What the task asks
Every line from the one containing "5215 W Del Rio" to the one containing "Blouse pour femme" in the records below, both included, must be set down exactly, and no other line.

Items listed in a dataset
☆ ☆ ☆
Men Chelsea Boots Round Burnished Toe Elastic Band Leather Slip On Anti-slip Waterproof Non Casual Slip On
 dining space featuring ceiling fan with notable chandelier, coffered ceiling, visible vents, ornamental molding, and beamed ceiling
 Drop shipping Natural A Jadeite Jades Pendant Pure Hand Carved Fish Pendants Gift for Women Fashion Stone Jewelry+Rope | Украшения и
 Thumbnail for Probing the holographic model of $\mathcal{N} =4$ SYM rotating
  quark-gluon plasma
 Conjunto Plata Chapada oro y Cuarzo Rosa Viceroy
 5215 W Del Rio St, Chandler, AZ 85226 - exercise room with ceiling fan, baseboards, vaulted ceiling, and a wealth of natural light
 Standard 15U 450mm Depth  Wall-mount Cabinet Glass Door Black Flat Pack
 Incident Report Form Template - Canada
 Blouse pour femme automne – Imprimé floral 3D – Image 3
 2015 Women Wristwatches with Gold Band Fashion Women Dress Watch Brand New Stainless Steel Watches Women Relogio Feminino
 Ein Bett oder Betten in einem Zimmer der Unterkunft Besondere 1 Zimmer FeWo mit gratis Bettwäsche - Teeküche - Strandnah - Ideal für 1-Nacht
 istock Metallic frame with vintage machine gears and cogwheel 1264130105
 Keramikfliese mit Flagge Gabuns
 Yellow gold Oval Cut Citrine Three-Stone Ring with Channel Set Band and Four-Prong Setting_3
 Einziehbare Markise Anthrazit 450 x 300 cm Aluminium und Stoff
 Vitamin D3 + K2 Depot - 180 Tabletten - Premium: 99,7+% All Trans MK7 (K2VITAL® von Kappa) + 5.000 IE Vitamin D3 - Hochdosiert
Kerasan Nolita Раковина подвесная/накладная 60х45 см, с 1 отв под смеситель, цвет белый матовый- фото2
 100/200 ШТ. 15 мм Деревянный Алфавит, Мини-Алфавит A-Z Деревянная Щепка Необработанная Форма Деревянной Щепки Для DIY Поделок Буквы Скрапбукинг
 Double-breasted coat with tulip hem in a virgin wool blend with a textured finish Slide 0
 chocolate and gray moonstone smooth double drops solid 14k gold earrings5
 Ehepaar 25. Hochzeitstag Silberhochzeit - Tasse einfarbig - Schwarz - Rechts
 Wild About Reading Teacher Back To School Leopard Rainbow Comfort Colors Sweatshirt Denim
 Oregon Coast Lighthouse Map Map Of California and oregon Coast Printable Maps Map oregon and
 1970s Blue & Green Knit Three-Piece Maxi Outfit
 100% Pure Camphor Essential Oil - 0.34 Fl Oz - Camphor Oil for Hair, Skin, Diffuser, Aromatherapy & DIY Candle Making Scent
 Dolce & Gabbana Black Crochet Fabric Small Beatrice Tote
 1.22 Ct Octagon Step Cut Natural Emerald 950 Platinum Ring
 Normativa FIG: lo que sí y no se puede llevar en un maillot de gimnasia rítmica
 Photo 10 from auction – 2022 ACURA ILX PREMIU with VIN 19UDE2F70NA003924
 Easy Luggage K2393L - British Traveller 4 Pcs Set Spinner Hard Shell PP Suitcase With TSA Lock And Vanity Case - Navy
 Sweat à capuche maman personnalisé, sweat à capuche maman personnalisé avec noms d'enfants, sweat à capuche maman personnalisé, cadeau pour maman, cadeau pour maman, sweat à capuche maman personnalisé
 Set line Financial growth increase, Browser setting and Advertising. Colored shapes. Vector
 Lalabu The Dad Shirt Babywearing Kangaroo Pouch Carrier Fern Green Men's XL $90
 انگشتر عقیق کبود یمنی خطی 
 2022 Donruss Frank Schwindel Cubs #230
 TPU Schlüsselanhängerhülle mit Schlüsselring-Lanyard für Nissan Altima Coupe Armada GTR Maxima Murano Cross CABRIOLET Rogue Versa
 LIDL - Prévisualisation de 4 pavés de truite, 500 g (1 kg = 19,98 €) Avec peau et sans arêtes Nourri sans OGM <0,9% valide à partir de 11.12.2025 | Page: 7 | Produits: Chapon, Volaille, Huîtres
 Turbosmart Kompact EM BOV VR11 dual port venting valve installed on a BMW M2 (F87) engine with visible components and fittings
☆ ☆ ☆
Answer for the task
 5215 W Del Rio St, Chandler, AZ 85226 - exercise room with ceiling fan, baseboards, vaulted ceiling, and a wealth of natural light
 Standard 15U 450mm Depth  Wall-mount Cabinet Glass Door Black Flat Pack
 Incident Report Form Template - Canada
 Blouse pour femme automne – Imprimé floral 3D – Image 3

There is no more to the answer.